Table 1 Results of Experiment 1: Mixed-effect model results
Fig. 2
figure 2

Estimated means from the regression analysis of Experiment 1.

Our data demonstrated a spatial compatibility effect on the up–down axis (responses to more sentences being faster to the up location, and responses to less sentences being faster to the down location), but not on the right–left axis. This result is consistent with our expectation that a reading task would elicit compatibility effects based on linguistic metaphors (more is up) and would not show compatibility effects on the non-metaphor-based right–left axis.

Experiment 2

Experiment 1 showed that the right–left axis is not automatically used to represent quantity information during language comprehension. It could be that use of the right–left axis was impeded by the right–left eye movements made while reading. The left-to-right movement associated with reading a passage induces a strong spatial bias (e.g., Chatterjee, Southwood, & Basilico, 1999; Dobel, Diesendruck, & Bölte, 2007; Maass & Russo, 2003; Spalek & Hammad, 2005) and could have interfered with use of the right–left axis during representation. In order to remove this problem, in the second experiment we presented sentences auditorily.

Method

A group of 128 undergraduates participated. The experiment was identical to Experiment 1, except for the auditory presentation of the sentences. Additionally, since the movement manipulation in Experiment 1 did not affect performance, only the nonmovement condition was run in Experiment 2. The participants pressed one of the buttons with their left hand to hear the sentence, and then pressed the other button with their right hand when they had finished listening. Halfway through the experiment, they switched their direction of responding. The order of directions was counterbalanced across participants.
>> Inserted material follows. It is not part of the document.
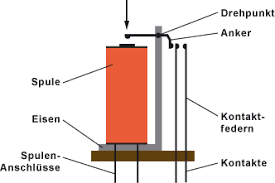 Break contact change over 9 wehrle gleichstromrelais dienen zum schalten von hohen strömen bei geringen steuerleitungsquerschnitten und spannungsverlusten. Relais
Sixty of the participants responded on the up–down axis, and the other 68 responded on the right–left axis.

Results and discussion

The data from Experiment 2 were prepared for analysis as in Experiment 1, with one exception; the data were trimmed using the difference between sentence length (in milliseconds) and the latency, instead of just the latencies. We again analyzed the response times with a mixed-model regression that included the variables sentence length (in milliseconds), axis (up–down or right–left), matching (match or mismatch), and the Axis × Match interaction.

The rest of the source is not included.